══ PROVIDED INFORMATION
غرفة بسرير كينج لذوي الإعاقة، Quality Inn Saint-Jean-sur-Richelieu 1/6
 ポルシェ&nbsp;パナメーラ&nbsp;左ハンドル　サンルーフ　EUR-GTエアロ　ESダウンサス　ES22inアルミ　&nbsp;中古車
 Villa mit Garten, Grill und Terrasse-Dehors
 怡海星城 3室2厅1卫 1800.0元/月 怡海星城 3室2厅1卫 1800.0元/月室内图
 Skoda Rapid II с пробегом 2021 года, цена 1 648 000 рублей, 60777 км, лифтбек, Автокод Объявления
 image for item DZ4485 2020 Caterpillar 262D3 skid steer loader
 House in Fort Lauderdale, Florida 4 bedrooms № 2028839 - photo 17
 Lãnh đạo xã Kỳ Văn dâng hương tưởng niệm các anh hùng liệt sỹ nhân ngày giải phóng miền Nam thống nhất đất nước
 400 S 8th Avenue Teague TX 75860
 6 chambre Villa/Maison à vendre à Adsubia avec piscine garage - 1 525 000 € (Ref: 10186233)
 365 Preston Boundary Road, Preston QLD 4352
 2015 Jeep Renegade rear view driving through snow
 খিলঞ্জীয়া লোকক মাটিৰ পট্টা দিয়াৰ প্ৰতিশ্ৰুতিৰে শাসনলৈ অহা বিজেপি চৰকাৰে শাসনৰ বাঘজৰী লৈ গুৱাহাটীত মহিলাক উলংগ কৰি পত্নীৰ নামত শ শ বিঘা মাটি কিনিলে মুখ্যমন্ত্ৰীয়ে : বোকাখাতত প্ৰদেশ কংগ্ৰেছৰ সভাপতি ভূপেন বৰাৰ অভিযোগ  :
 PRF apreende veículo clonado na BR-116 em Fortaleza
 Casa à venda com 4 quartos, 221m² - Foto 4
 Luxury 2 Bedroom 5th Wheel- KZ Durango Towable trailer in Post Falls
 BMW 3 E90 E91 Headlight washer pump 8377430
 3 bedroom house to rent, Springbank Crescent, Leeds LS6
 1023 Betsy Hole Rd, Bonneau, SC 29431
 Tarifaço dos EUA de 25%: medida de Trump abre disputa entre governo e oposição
════
## WHAT YOU ARE ASKED TO DO
Give again the closing portion of the entries, from the line with "3 bedroom house" through the last line. Keep it exact and add nothing.

## WRITTEN RESPONSE
 3 bedroom house to rent, Springbank Crescent, Leeds LS6
 1023 Betsy Hole Rd, Bonneau, SC 29431
 Tarifaço dos EUA de 25%: medida de Trump abre disputa entre governo e oposição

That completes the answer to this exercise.